Galoppierende Inflation und hohe Kriminalität
Auch die grosse Mehrheit der Bevölkerung würde dem Vizepräsidenten keine Träne nachweinen. Letztlich beschäftigen die meisten Argentinier aber andere Probleme weit stärker. Sie leiden mehr und mehr unter den hohen Lebenshaltungskosten. Bis Ende Jahr wird die Inflationsrate nach Schätzungen unabhängiger Wirtschaftsfachleute auf 25 bis 30 Prozent klettern und damit weltweit eine der höchsten sein. Die Regierung hat bisher auf diese Entwicklung hilflos reagiert, sie mit fragwürdigen wirtschaftspolitischen Entscheiden sogar gefördert. Wie weit Christina Kirchner hier in den verbleibenden zwei Amtsjahren noch Korrekturen vornehmen wird, lässt sich schwer abschätzen.

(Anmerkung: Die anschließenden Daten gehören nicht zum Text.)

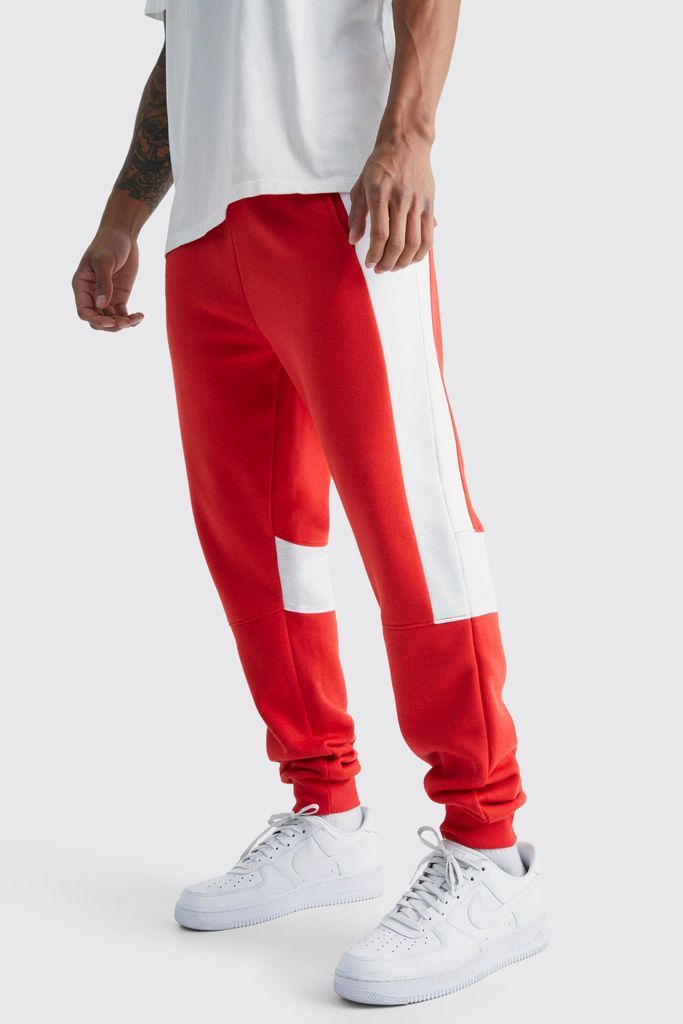 Men's Slim Fit Colour Block Panel Jogger - Red - S, Red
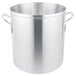 A close-up of a Vollrath Wear-Ever silver aluminum stock pot with two handles.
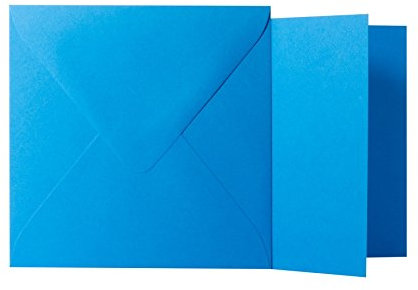 Briefumschläge24Plus 25 Quadratische Blau Briefumschläge 120g von der Größe 12,5 X 12,5 cm + Klappkarten 240g von der Größe 12 X 12 cm, mit dreieckiger Lasche zum Kleben ohne Fenster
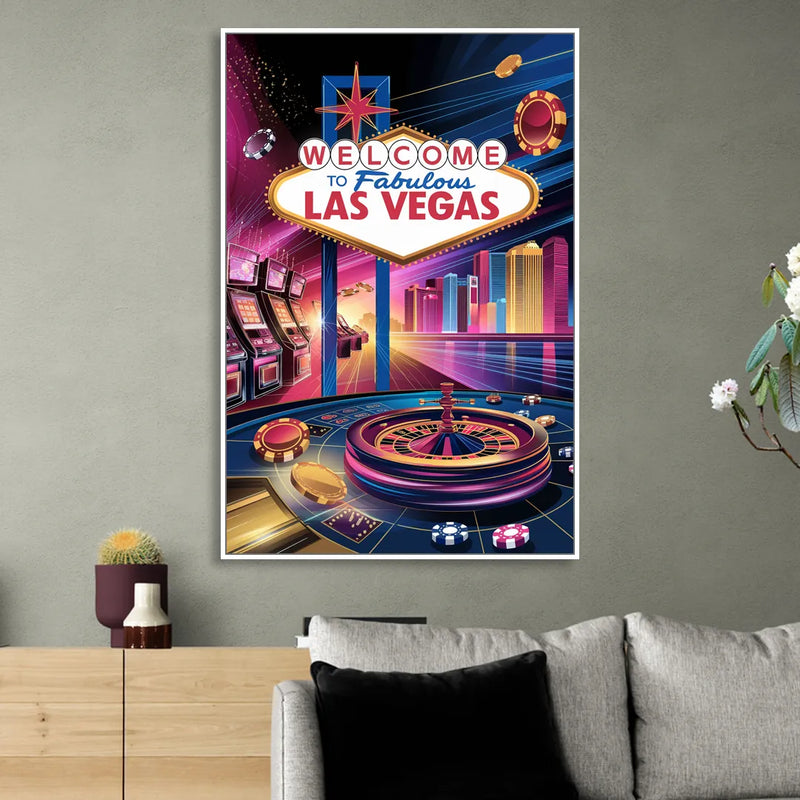 Las Vegas Casino Glamour Sitting Room - White Canvas Wall Art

Sorgen bereitet einem Grossteil der Bevölkerung auch die hohe Kriminalitätsrate, besonders in der Provinz Buenos Aires. Auch diese Herausforderung hat die Regierung bisher zu wenig ernst genommen und sieht sich deshalb immer wieder mit Protestkundgebungen konfrontiert.
Ohnmächtige Opposition
Die Defizite der Regierung in der Wirtschafts- und die Sicherheitspolitik bieten den Oppositionsgruppierungen immer wieder willkommene Angriffsflächen. Mehr als vage Vorschläge haben sie allerdings in der Regel nicht zu bieten. Kommt dazu, dass sie stark zersplittert sind. Ausser dem Wunsch, die Kirchneristas in die Wüste zu schicken, verbindet sie kaum etwas. Das allein wird allerdings nicht reichen, um sich den Wählern als glaubwürdige Alternative zu präsentieren.